# A Simple Introduction to Web Scraping with Beautiful Soup

![](https://github.com/kaopanboonyuen/GISTDA2023/raw/main/img/gistda_day1.png)


Credit: 

[1] https://realpython.com/beautiful-soup-web-scraper-python/

[2] https://www.analyticsvidhya.com/blog/2021/08/a-simple-introduction-to-web-scraping-with-beautiful-soup/

[3] https://www.scrapingbee.com/blog/python-web-scraping-beautiful-soup/

In [None]:
from bs4 import BeautifulSoup 
import requests
import pandas as pd
import re

Beautiful Soup is a library useful to extract data from HTML and XML files. A sort of parse tree is built for the parsed page. Indeed, an HTML document is composed of a tree of tags. I will show an example of HTML code to make you grasp this concept.


<!-- <!DOCTYPE html>
<html>
<head>
<title>Tutorial of Web scraping</title>
</head>
<body>
<h1>1. Import libraries</h1>
<p>Let's import: </p>
</body>
</html> -->

![](https://cdn-images-1.medium.com/max/1000/1*iOWLHDOtqxgngIOj9N3Hzw.png)

In [None]:
url = 'https://en.wikipedia.org/wiki/Big_data'
req = requests.get(url)
print(req)

In [None]:
soup = BeautifulSoup(req.text,"html.parser")
print(type(soup))

In [None]:
print(soup.prettify()[:100])

## Beautiful Soup DOM Tree
The structure of Beautiful Soup bases on the concept of DOM, which is used in all web browsers.  DOM is a tree of all elements in the webpage.  Each element node consists of:
- tag
- innerHTML/outerHTML
- id
- attributes
- parent and children

Note: DOM = Document Object Model 

### Traversing simple HTML's DOM Tree

In our example, the structure is as followed:

```
html
+-- head
|   +-- title
|   +-- meta
|   +-- meta
|   +-- style
+-- body
    +-- div
    |   +-- h1
    |   +-- p
    |       +-- b
    +-- div
    |   +-- a
    |   +-- a
    |   +-- a
    |   +-- a
    +-- div
    |   +--div
    |   |   +-- h2
    |   |   +-- h5
    |   |   +-- ...
    |   +--div
    |       +-- h2
    |       +-- h5
    |       +-- ...
    +-- div
        +-- h2
```

In [None]:
# title is a tag of one of the element node in the example.
# we can refer to the node by using the tag name
type(soup.title)

In [None]:
soup.head.style

In [None]:
# we can get tag of a node with 'name'
soup.title.name

In [None]:
# we can get outerHTML by converting node to string
str(soup.title)

In [None]:
# we can get innerHTML with 'string'
soup.title.string

In [None]:
# we can get id with 'id' (it is empty in this example)
soup.title.id

In [None]:
# getting the parent node with 'parent'
soup.title.parent.name

In [None]:
# referring to children
soup.title.children

# Intro to Beautiful Soup: Build a Web Scraper With Python

![](https://realpython.com/cdn-cgi/image/width=960,format=auto/https://files.realpython.com/media/Build-a-Web-Scraper-With-Requests-and-Beautiful-Soup_Watermarked.37918fb3906c.jpg)

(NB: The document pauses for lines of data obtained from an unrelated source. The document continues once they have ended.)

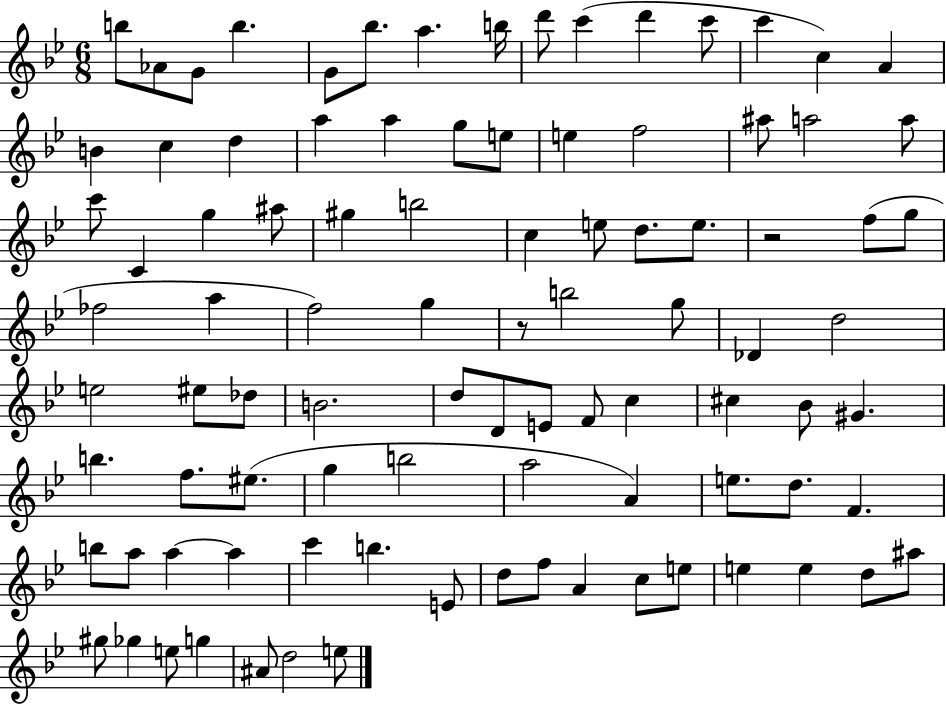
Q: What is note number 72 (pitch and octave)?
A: A5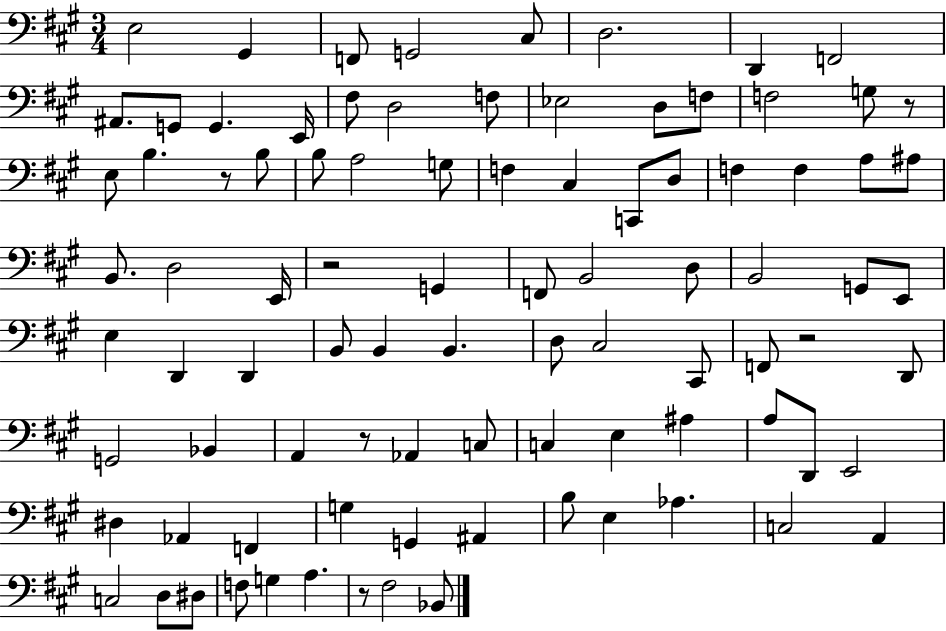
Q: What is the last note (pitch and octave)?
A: Bb2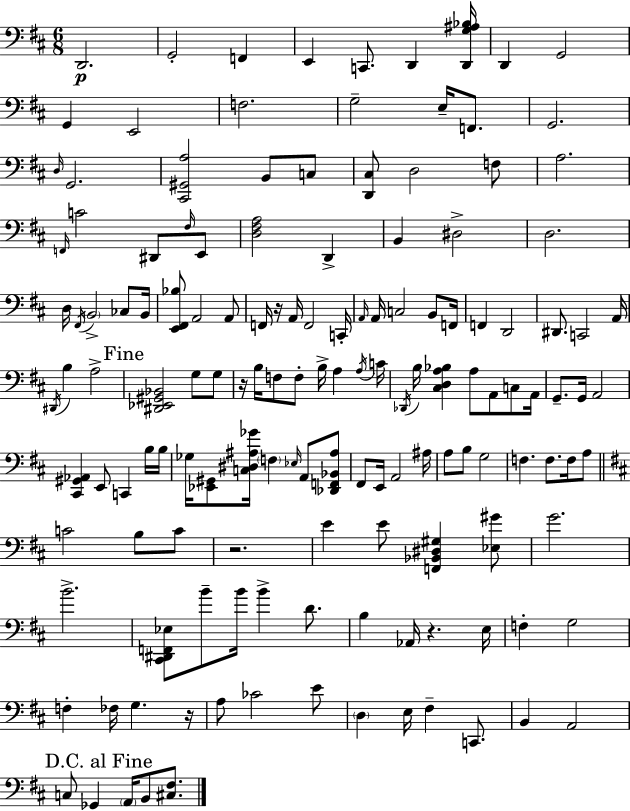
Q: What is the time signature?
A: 6/8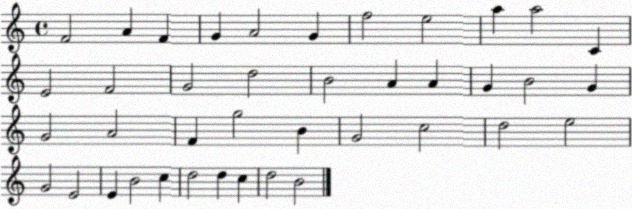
X:1
T:Untitled
M:4/4
L:1/4
K:C
F2 A F G A2 G f2 e2 a a2 C E2 F2 G2 d2 B2 A A G B2 G G2 A2 F g2 B G2 c2 d2 e2 G2 E2 E B2 c d2 d c d2 B2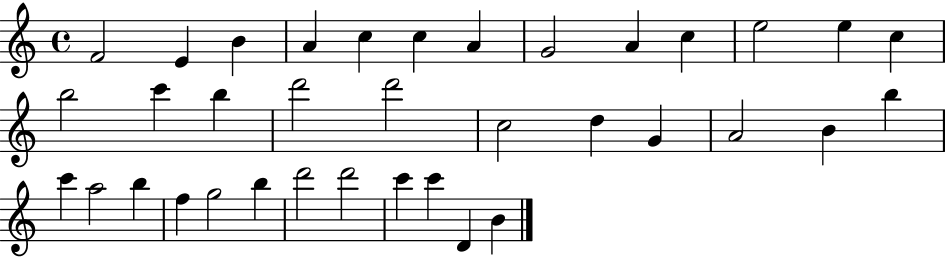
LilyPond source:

{
  \clef treble
  \time 4/4
  \defaultTimeSignature
  \key c \major
  f'2 e'4 b'4 | a'4 c''4 c''4 a'4 | g'2 a'4 c''4 | e''2 e''4 c''4 | \break b''2 c'''4 b''4 | d'''2 d'''2 | c''2 d''4 g'4 | a'2 b'4 b''4 | \break c'''4 a''2 b''4 | f''4 g''2 b''4 | d'''2 d'''2 | c'''4 c'''4 d'4 b'4 | \break \bar "|."
}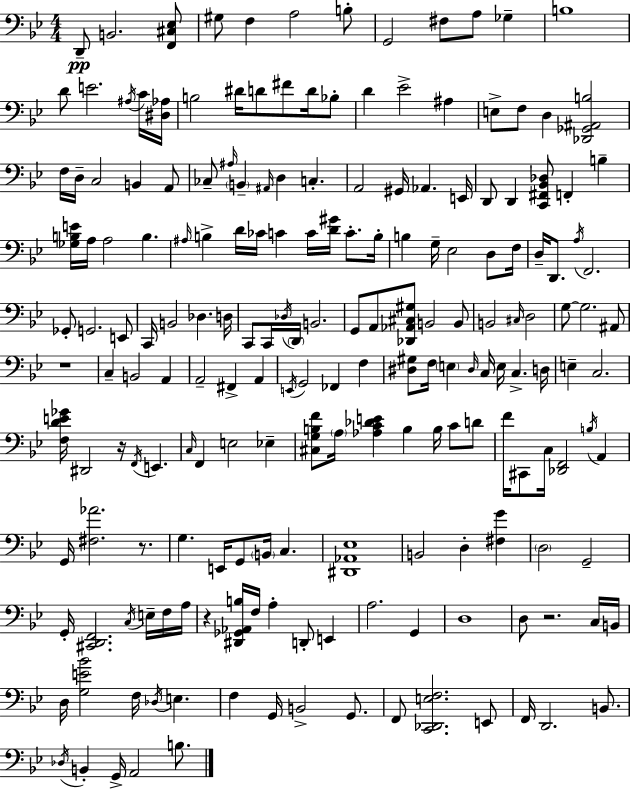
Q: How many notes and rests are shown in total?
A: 191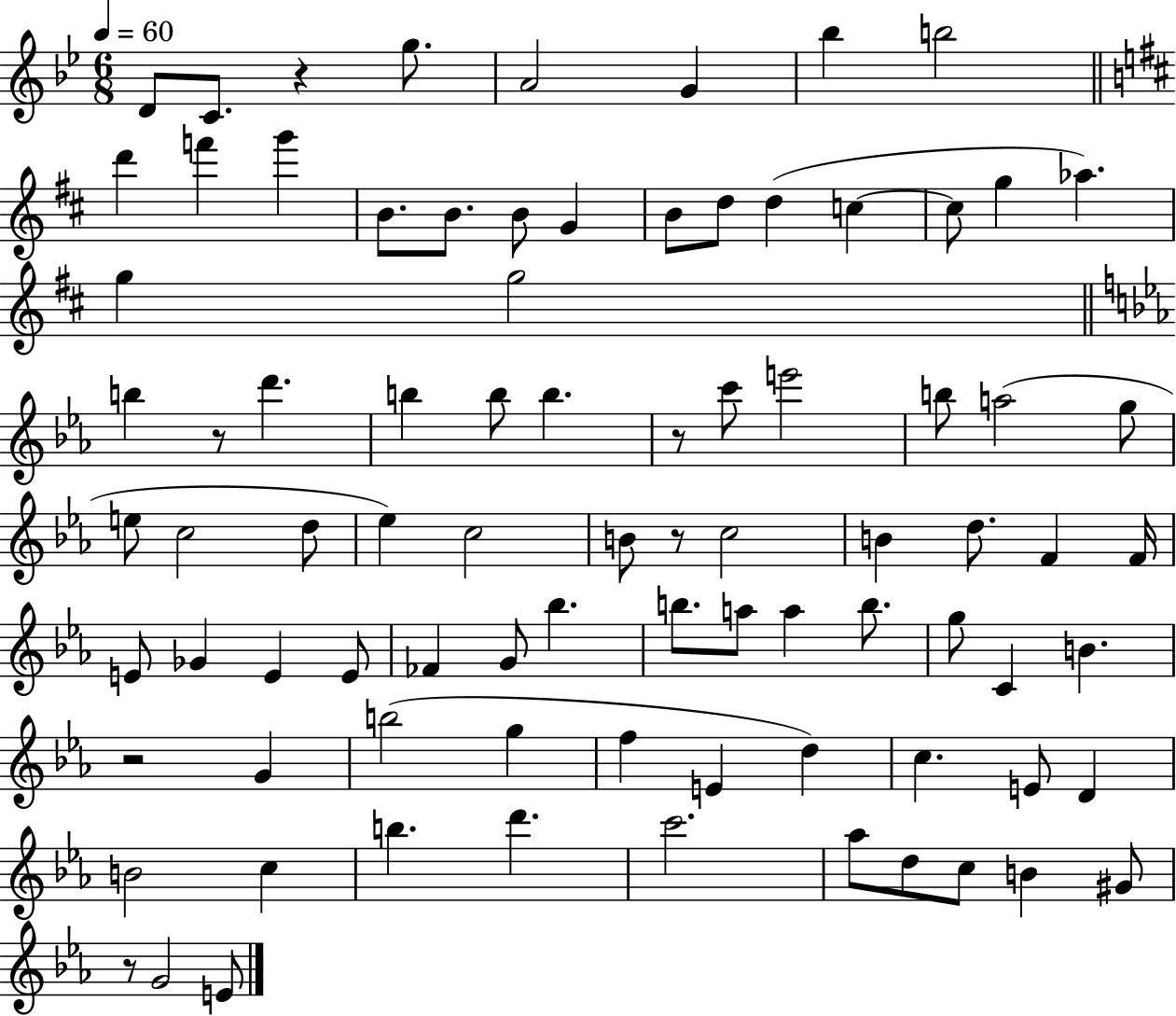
D4/e C4/e. R/q G5/e. A4/h G4/q Bb5/q B5/h D6/q F6/q G6/q B4/e. B4/e. B4/e G4/q B4/e D5/e D5/q C5/q C5/e G5/q Ab5/q. G5/q G5/h B5/q R/e D6/q. B5/q B5/e B5/q. R/e C6/e E6/h B5/e A5/h G5/e E5/e C5/h D5/e Eb5/q C5/h B4/e R/e C5/h B4/q D5/e. F4/q F4/s E4/e Gb4/q E4/q E4/e FES4/q G4/e Bb5/q. B5/e. A5/e A5/q B5/e. G5/e C4/q B4/q. R/h G4/q B5/h G5/q F5/q E4/q D5/q C5/q. E4/e D4/q B4/h C5/q B5/q. D6/q. C6/h. Ab5/e D5/e C5/e B4/q G#4/e R/e G4/h E4/e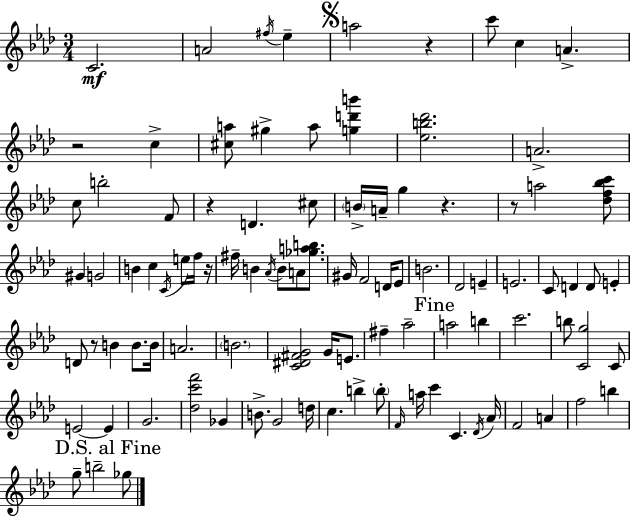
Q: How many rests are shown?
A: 7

Credit: https://realpython.com/beautiful-soup-web-scraper-python/

In [None]:
import requests
from bs4 import BeautifulSoup

URL = "https://realpython.github.io/fake-jobs/"
page = requests.get(URL)

soup = BeautifulSoup(page.content, "html.parser")

results = soup.find(id="ResultsContainer")

job_elements = results.find_all("div", class_="card-content")

for job_element in job_elements:
    print(job_element, end="\n"*2)

In [None]:
for job_element in job_elements:
    title_element = job_element.find("h2", class_="title")
    company_element = job_element.find("h3", class_="company")
    location_element = job_element.find("p", class_="location")
    print(title_element)
    print(company_element)
    print(location_element)
    print()

In [None]:
for job_element in job_elements:
    title_element = job_element.find("h2", class_="title")
    company_element = job_element.find("h3", class_="company")
    location_element = job_element.find("p", class_="location")
    print(title_element.text.strip())
    print(company_element.text.strip())
    print(location_element.text.strip())
    print()

# Wikipedia Page Data Extraction

In this tutorial, we will learn how to extract a static page and convert it into useful information.

We first get a wikipeidia page using requests.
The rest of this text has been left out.